---
id: design_philosophy
title: Design Philosophy
---

## Main Design Tenets

BoTorch adheres to the following main design tenets:
* **Modularity & Simplicity**
  * Make it easy for researchers to develop and implement new ideas by following
    a modular design philosophy & making heavy use of auto-differentiation. Most
    BoTorch components are `torch.nn.Module` instances, so that users familiar
    with PyTorch can easily implement new differentiable
    components.
  * Facilitate model-agnostic Bayesian Optimization by maintaining lightweight
    APIs and first-class support for Monte-Carlo-based acquisition functions.

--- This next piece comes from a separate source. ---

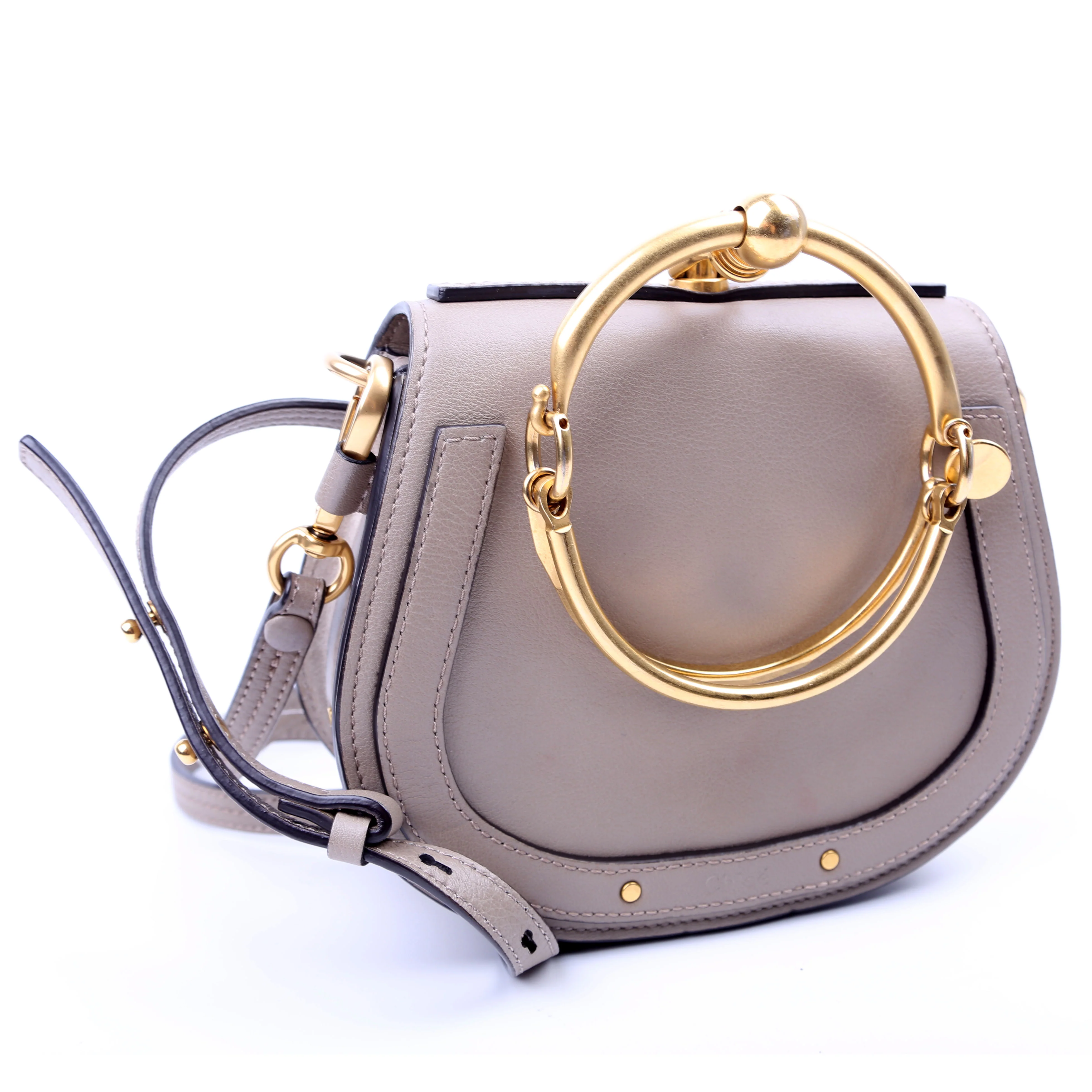 Nile Bracelet Bag Small Taupe - Image 3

* **Performance & Scalability**
  * Achieve high levels of performance across different platforms with
    device-agnostic code by using highly parallelized batch operations.
  * Expand the applicability of Bayesian Optimization to very large problems by
    harnessing scalable modeling frameworks such as
    [GPyTorch](https://gpytorch.ai).


## Parallelism Through Batched Computations

Batching (as in batching data or batching computations) is a central component
to all modern deep learning platforms and plays a critical role in the design of
BoTorch. Examples of batch computations in BoTorch include:

1. A batch of candidate points $X$ to be evaluated in parallel on the black-box
   function we are trying optimize. In BoTorch, we refer to this kind of batch
   as a **"q-batch"**.
2. A batch of q-batches to be evaluated in parallel on the surrogate model of
   the black-box function. These facilitate fast evaluation on modern hardware
   such as GPUs and multi-core CPUs with advanced instruction sets (e.g. AVX).
   In BoTorch, we refer to a batch of this type as **"t-batch"** (as in
   "torch-batch").
3. A **batched** surrogate **model**, each batch of which models a different
   output (which is useful for multi-objective Bayesian Optimization). This kind
   of batching also aims to exploit modern hardware architecture.

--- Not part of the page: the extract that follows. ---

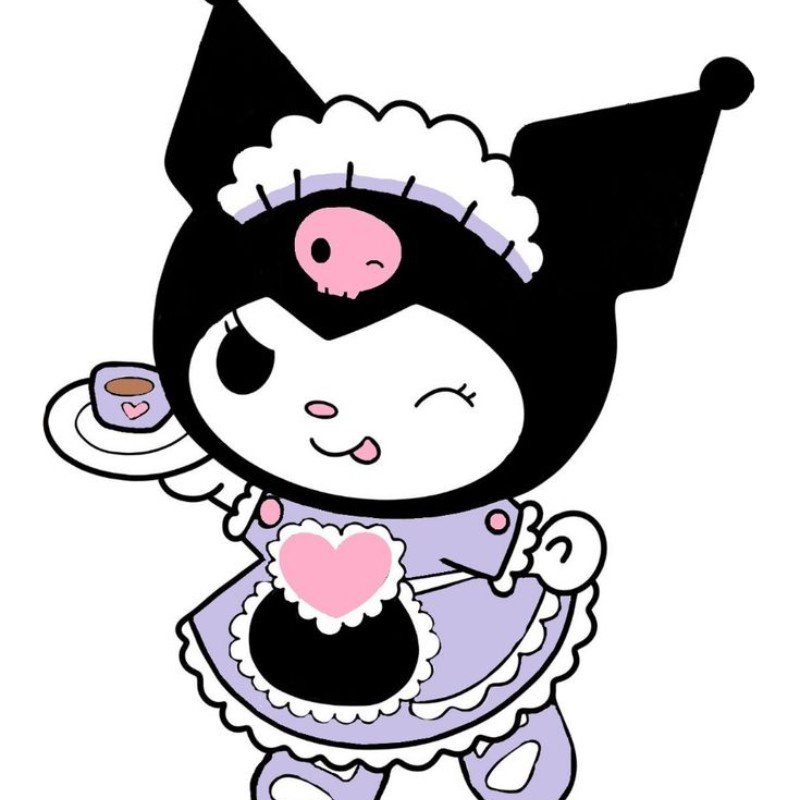 kuromi anime chibi nháy mắt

Note that none of these notions of batch pertains to the batching of *training
data*, which is commonly done in training Neural Network models (sometimes
called "mini-batching"). BoTorch aims to be agnostic with regards to the
particular model used - so while model fitting may indeed be performed via
stochastic gradient descent using mini-batch training, BoTorch itself abstracts
away from this.

For an in-depth look at the different batch notions in BoTorch, take a look at
the [Batching in BoTorch](batching) section.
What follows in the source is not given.